A number of IP addresses tied to users of a prominent revenge porn website have been traced back to several government offices, including the US Senate, the Navy, and the Executive Office of the President.
Some of the users had posted message to an imageboard, know as Anon-IB, inquiring after nude photographs of women, while others had asked fellow users edit photos of women to make them appear nude.
The discovery, reported by The Daily Beast on Thursday, follows last year’s massive revenge-porn scandal involving hundreds of US Marines. The data reveals that the Pentagon’s efforts to crackdown on servicemembers non-consensually sharing sexual images of current and former partners may not be going as well as officials hoped. It further shows that the misconduct extends beyond the US military.

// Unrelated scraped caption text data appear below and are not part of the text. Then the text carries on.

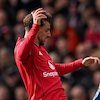 Kontroversi Penalti Sunderland vs Manchester United: VAR Batalkan Keputusan Wasit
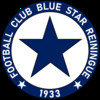 Reiningue Blue Star Seniors 1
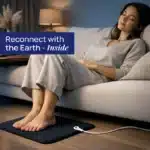 Use_the_provided_202604201254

The Daily Beast reports that a security analyst at a Norwegian newspaper, VG, learned from a source how to uncover the IP addresses of users who post on the Anon-IB imageboard. The data was shared by the analyst, Einar Otto Stangvik, with Daily Beast security reporter Joseph Cox, who in turn tracked numerous posts back to US government agencies, including one back to the Executive Office of the President. That user shared an image of a woman, along with her name, and asked for other users to do the same in return.
A user whose IP address was traced back to a US Senate computer requested images of a woman he knew from a college he identified, writing that she “has the best tits I’ve ever seen.” Someone who connected from the Senate requested nude photographs of another woman, whom he said had shared photos of herself with a friend. “Would love to see some more,” he wrote.
An Anon-IB administrator reportedly shared an IP address with Cox—apparently to verify that the data was legitimate. The IP address did match an entry on the list, Cox wrote.
In late November, Senators Kamala Harris, Richard Burr, Amy Klobuchar, and Jackie Speier introduced a bipartisan bill—the ENOUGH Act of 2017—aimed at making revenge porn a federal crime. The bill was referred to the Senate Judiciary Committee, to which Harris, a California Democrat, was named earlier this week.